→ **Collected material**
+ + + + + + +

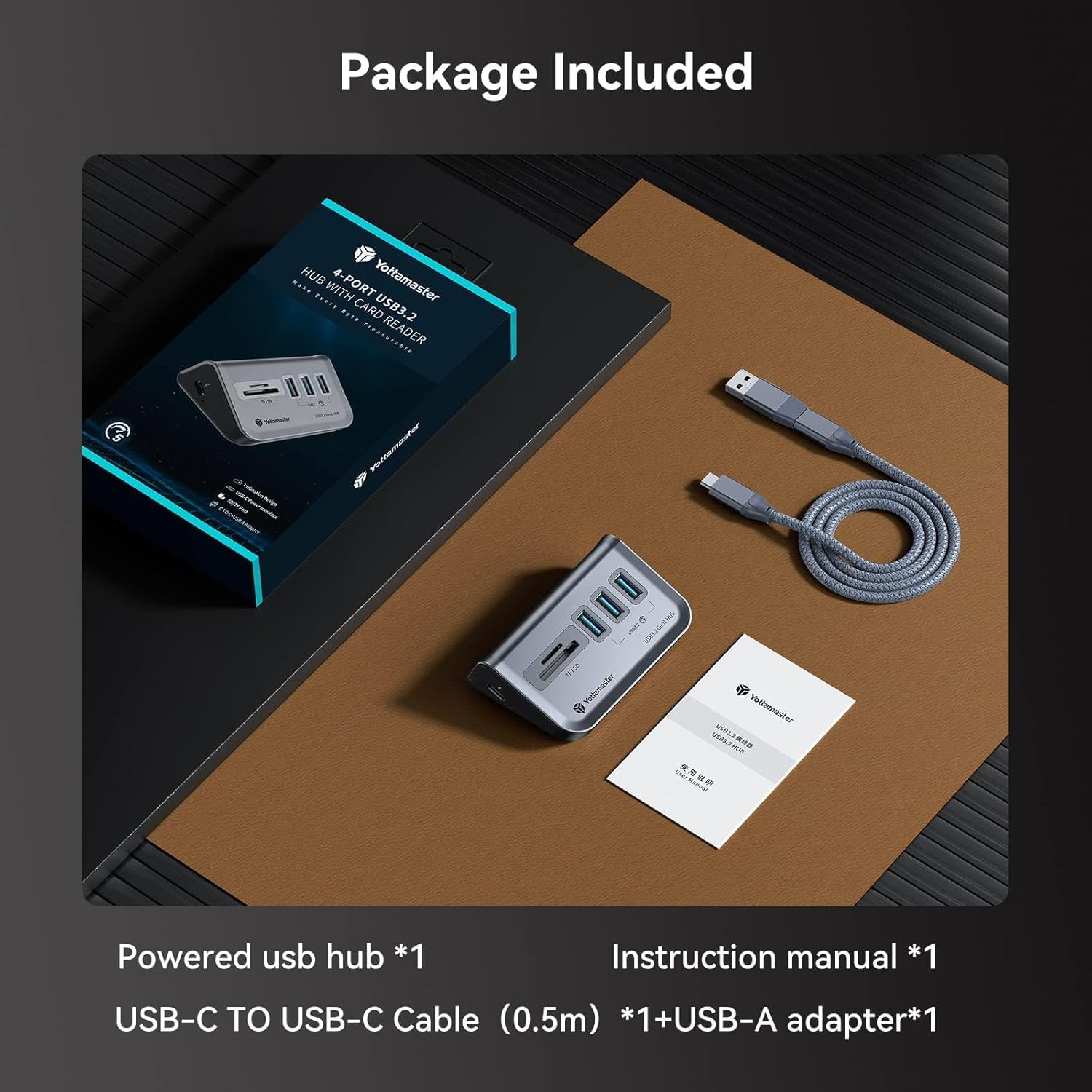 Yottamaster 4 Port USB 3.0 Hub, Powered USB Hub 5V / 2A, Type C to USB 3.2 Gen1 Data Hub with 3USB-A & SD/TF Card Reader for PC, Laptop(1.6Ft) GA1-3ATS-U3-GY-1 image number 2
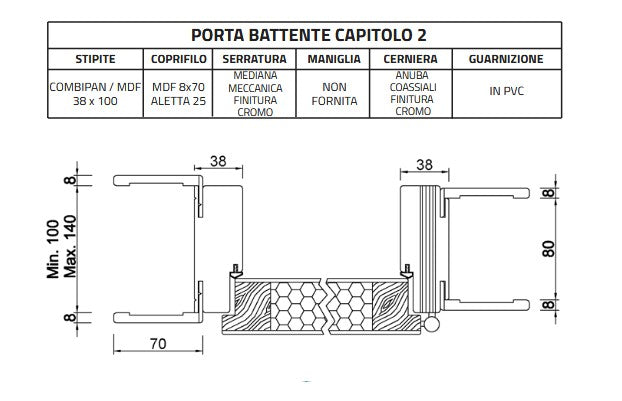 Porta interna battente Nocciola M.Milano - 700 x 2100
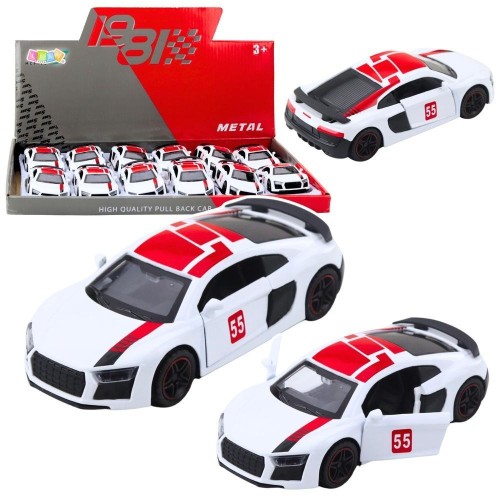 Samochód metalowy z napędem biały 1:43, Leantoys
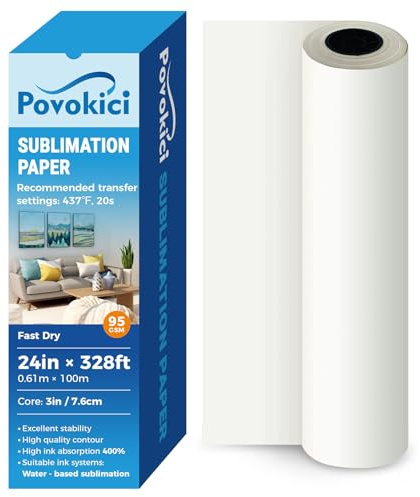 POVOKICI 95gsm 24 x 328 Farbstoff Sublimation Papier Schnell Trocken für E* pson F570 Wärmeübertragung Druck 3 Kern US Lager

+ + + + + + +

In your copy, reproduce the data above exactly and skip every picture.

→ **Your solution**
 Yottamaster 4 Port USB 3.0 Hub, Powered USB Hub 5V / 2A, Type C to USB 3.2 Gen1 Data Hub with 3USB-A & SD/TF Card Reader for PC, Laptop(1.6Ft) GA1-3ATS-U3-GY-1 image number 2
 Porta interna battente Nocciola M.Milano - 700 x 2100
 Samochód metalowy z napędem biały 1:43, Leantoys
 POVOKICI 95gsm 24 x 328 Farbstoff Sublimation Papier Schnell Trocken für E* pson F570 Wärmeübertragung Druck 3 Kern US Lager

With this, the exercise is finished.